|
The
last fifteen years of vision research have produced
several challenges to both our intuitive conception
of the nature of vision and to orthodox frameworks
for studying vision. Empirical results
demonstrating blindness by subjects to sudden
changes in a visual scene (change blindness) and
blindness to unattended changes in the visual scene
(inattentional blindness) undermine the idea that
the phenomenology of visual experience at any given
moment is as richly detailed and timely as we
routinely suppose. Dissociations between the
ability to discriminate and identify object shape on
the basis of visual experience and visuomotor task
performance exhibited by optic ataxics (object
discrimination with impaired visuomotor skills) and
visual form agnosics (visuomotor skills without
object discrimination) have undermined the orthodox
view that conscious visual experience closely guides
motor behavior.
Against the backdrop of these and other striking
empirical findings, some researchers criticize the
use of non-natural tasks and images in experimental
settings, while others raise questions about how one
ought understand the relationship between the
qualities encountered in visual experiences and the
distal structures typically causing those
experiences.

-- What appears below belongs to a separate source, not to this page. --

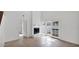 Bright living room features a fireplace and sliding doors to the outside at 13811 N 42Nd Pl, Phoenix, AZ 85032
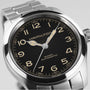Close-up of the Hamilton Khaki Field Murph 38mm, featuring a black dial, luminous hands, Arabic numerals, and a stainless steel bracelet—a modern interpretation of this classic timepiece.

Some even voice doubts about the
traditional boundaries between the mind and our
perceptual systems, on the one hand, and the world,
on the other.
These challenges to contemporary orthodoxy have
roots in previous debates, of course, though vision
research’s historically diverse nature sometimes
obscures the historical predecessors of current
debates. Furthermore, the current climate of
specialization throughout the sciences can make it
difficult for researchers focusing on one set of
problems to benefit from the work of others on
related problems. This conference aims to bring
together a diverse set of vision researchers –
from both the sciences and philosophy – at every
career stage in order to facilitate a productive and
much-needed exchange of ideas that will further
inquiry into what, how, and why we see.